Also on this day, mobster Willie Moretti is whacked while having lunch at Joe's Elbow Room, a restaurant in Cliffside Park, Bergen County, New Jersey. He had previously been much admired in Mob circles, due to his associations with bosses Vito Genovese in New York and Longy Zwillman in New Jersey.

He was allegedly the source for a story in The Godfather: In 1942, he asked bandleader Tommy Dorsey to let his big young singer, Frank Sinatra, out of his contract so he could go solo, in exchange for Dorsey receiving a tidy sum. Knowing how good Sinatra was, Dorsey refused. So Moretti put a gun to Dorsey's head, and the result was that Dorsey signed a release, for considerably less money than he would have gotten had he played ball. In the novel and the film, Moretti became Luca Brasi, Sinatra became Johnny Fontaine, and the bandleader's name was never mentioned.

But Moretti had willingly testified before the Senate Rackets Committee earlier in the year, and was seen as a liability. The excuse given by the Mob was that he was losing his mind.
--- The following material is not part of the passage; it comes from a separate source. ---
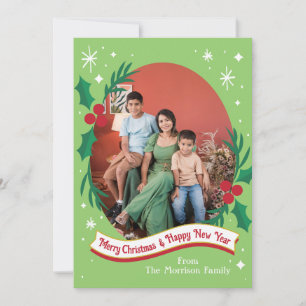 Pour Fêtes Annuelles Cartes de Noël rétro avec photo de houx et de baie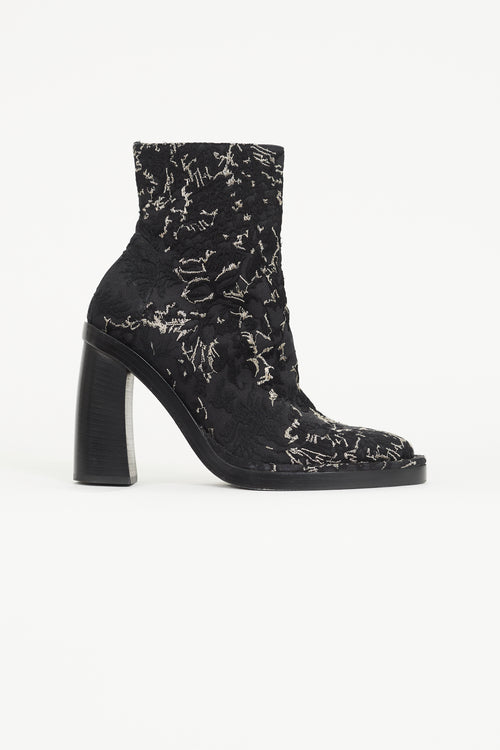 Ann Demeulemeester Spring 2015 Black 
Silver Brocade Lisa Boot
They embellished this, under their breath, by saying that was due to syphilis. Anyway, it was a mark of respect that they did so before he totally "lost his mind," and that they shot him in the face, instead of in the back. He was 57.

October 4, 1952: Game 4 of the World Series. Allie Reynolds pitches a 4-hit shutout, to top Joe Black, who also allows just 4 hits. Johnny Mize, just 3 months short of his 40th birthday, hits a home run. The Yankees win, 2-0, and tie up the Series.

October 4, 1953: Game 5 of the World Series at Ebbets Field. Mickey Mantle hits a 3rd inning grand slam off Russ Meyer in the 3rd inning‚ and the Yanks hold on to win 11-7 in a game that features 25 hits and 47 total bases.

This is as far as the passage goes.